PFDs have a lot more going on than XORs, which means more jitter and drift, and (unless you're doing something fancy) the servo point is in the middle of a deadband, so it hunts around like a bastard within about a 3-ns window for HCMOS or wider for metal-gate CMOS. The deadband is caused by the output becoming a runt pulse when the timing error is less than the sum of the rise and fall times of the output. The pulse amplitude becomes sensitive to supply variations, small temperature changes, what you had for breakfast, and so on.
The loop filter won't let an XOR lock up on the wrong edge, because the DC feedback is positive there.
Pure nonsense. To even begin to use a PFD with a noisy signal, you have to use a bandpass limiter such as an FM IF strip just to make logic levels. That degrades your SNR by intermodulating all the noise components, which may make locking impossible all by itself.

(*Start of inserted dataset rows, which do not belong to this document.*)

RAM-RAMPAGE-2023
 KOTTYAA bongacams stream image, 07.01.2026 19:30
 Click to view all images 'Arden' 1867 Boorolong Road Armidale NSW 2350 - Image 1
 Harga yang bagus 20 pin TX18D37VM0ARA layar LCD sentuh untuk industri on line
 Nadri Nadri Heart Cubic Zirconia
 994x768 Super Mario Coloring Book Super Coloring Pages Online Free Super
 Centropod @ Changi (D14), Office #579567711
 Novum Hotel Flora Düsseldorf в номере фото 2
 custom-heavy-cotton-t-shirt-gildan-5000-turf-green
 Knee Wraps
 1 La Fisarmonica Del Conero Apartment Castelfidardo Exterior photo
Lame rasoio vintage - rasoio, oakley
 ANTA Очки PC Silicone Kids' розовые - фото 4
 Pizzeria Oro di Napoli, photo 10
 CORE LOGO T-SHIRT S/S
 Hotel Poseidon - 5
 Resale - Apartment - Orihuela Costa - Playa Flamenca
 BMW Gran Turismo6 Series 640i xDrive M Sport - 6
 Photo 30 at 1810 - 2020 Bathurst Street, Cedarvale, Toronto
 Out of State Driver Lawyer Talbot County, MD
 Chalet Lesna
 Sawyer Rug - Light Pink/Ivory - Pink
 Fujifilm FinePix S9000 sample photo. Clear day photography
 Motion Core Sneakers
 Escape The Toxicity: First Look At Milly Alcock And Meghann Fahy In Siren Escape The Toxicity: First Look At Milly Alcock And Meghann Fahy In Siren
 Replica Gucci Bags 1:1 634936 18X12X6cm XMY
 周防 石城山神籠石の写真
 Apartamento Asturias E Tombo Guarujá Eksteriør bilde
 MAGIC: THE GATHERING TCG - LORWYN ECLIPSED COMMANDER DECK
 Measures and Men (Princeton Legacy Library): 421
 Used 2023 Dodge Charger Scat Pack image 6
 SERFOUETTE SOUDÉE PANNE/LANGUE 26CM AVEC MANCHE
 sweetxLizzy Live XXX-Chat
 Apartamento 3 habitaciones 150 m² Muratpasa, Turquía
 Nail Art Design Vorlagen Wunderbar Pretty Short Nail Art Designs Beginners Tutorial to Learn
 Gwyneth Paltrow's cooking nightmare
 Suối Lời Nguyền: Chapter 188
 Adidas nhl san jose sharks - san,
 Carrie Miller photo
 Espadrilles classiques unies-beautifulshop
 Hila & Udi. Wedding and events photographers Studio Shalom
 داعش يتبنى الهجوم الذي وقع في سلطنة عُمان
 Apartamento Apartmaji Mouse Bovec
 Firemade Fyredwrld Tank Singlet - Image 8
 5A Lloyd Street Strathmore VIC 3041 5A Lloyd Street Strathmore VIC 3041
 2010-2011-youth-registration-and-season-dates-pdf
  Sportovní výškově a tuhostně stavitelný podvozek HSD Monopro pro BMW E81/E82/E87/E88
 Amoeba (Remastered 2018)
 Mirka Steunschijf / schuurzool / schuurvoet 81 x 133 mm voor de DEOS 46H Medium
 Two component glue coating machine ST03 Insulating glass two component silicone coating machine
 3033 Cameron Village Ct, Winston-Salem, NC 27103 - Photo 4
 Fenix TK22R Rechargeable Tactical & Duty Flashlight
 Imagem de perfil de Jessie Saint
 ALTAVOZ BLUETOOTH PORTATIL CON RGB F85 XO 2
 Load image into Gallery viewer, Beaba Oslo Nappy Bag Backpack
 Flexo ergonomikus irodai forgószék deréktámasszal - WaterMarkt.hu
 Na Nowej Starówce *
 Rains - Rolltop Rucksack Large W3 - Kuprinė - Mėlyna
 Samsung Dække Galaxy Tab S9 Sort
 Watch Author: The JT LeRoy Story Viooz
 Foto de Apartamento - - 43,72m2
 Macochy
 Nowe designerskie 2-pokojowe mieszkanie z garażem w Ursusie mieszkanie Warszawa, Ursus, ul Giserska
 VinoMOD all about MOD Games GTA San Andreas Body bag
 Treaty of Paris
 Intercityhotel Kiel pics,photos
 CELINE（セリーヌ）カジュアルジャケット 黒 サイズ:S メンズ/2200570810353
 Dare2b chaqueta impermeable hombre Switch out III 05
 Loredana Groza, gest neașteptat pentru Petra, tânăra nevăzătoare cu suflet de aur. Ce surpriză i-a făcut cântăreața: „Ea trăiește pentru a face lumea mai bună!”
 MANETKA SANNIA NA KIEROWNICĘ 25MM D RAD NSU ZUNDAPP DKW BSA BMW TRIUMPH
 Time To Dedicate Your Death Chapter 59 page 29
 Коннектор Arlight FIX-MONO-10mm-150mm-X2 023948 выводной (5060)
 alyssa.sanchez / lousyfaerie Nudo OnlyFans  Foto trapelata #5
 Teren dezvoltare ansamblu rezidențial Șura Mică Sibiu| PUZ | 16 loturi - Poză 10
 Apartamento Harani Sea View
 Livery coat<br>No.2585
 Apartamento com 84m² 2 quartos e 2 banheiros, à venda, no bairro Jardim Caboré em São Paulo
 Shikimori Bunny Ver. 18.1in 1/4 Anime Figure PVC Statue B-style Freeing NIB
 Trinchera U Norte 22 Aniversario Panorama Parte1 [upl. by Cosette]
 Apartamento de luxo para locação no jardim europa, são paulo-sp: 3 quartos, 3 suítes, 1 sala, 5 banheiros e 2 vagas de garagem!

It's also useless for signals where you don't know the centre frequency that accurately.
Also, with a PFD, if you miss a transition due to noise, the loop unlocks and has to re-acquire, whereas an analogue PD or even an XOR just carries on. That alone makes PFDs completely unsuitable for noisy signals. A narrow loop filter is no help whatever for either of these problems--by the time it sees the signal, the damage has already been done.